Another object of the invention is to provide a "self-terminating" coaxial cable connector that does not require an adapter to be coupled with a standard connector.
Another object of the invention is to provide a "self-terminating" coaxial cable connector that may be easily connected to a mating male connector and provides a simple method of self-terminating the connection when the mating male connector is removed.

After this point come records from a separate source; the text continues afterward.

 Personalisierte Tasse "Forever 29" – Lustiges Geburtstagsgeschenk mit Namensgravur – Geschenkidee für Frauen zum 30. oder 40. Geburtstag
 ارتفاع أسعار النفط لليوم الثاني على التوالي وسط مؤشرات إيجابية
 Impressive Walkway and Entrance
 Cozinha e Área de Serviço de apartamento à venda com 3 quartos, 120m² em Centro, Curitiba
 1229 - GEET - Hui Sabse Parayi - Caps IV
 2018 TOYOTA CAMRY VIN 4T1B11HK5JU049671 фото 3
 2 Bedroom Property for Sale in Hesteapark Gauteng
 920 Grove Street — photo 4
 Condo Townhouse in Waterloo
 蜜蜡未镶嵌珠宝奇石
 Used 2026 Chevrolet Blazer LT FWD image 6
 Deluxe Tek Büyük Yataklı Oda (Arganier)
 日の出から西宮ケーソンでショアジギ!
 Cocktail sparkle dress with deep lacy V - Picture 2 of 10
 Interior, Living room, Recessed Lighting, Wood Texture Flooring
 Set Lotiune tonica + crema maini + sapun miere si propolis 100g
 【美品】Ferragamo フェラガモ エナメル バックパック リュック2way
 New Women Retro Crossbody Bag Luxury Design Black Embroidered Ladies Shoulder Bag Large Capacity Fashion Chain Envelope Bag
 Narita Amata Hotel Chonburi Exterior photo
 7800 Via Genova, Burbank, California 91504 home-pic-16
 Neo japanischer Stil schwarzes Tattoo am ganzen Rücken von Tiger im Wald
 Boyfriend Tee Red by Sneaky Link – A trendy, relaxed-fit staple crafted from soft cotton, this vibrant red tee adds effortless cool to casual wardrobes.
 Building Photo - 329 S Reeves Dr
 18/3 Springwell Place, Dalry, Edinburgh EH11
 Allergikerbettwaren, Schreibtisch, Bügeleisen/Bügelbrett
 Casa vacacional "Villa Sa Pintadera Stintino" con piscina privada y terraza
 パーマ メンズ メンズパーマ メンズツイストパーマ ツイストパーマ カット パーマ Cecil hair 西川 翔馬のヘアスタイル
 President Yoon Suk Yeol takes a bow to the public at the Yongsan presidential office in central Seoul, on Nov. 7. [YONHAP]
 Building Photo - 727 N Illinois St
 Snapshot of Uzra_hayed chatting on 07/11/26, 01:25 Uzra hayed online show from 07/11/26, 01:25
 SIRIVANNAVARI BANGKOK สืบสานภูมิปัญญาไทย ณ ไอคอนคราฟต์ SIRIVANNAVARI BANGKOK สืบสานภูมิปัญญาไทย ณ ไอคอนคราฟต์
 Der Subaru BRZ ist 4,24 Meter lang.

The above and further objects of the invention are achieved through the provision of an apparatus that is mounted external to a coaxial cable connector and that acts to "terminate" the connector. The "terminating" apparatus is mounted proximate to the cable jack, such as to the wall plate, and includes a terminating circuit that approaches the characteristic impedance of the coaxial cable and connector. The terminating circuit can be manually placed in a position to contact the coaxial connector, and is structured to electrically couple and provide a terminating resistance between the central coaxial conductor and the cylindrical conductive housing of the coaxial connector.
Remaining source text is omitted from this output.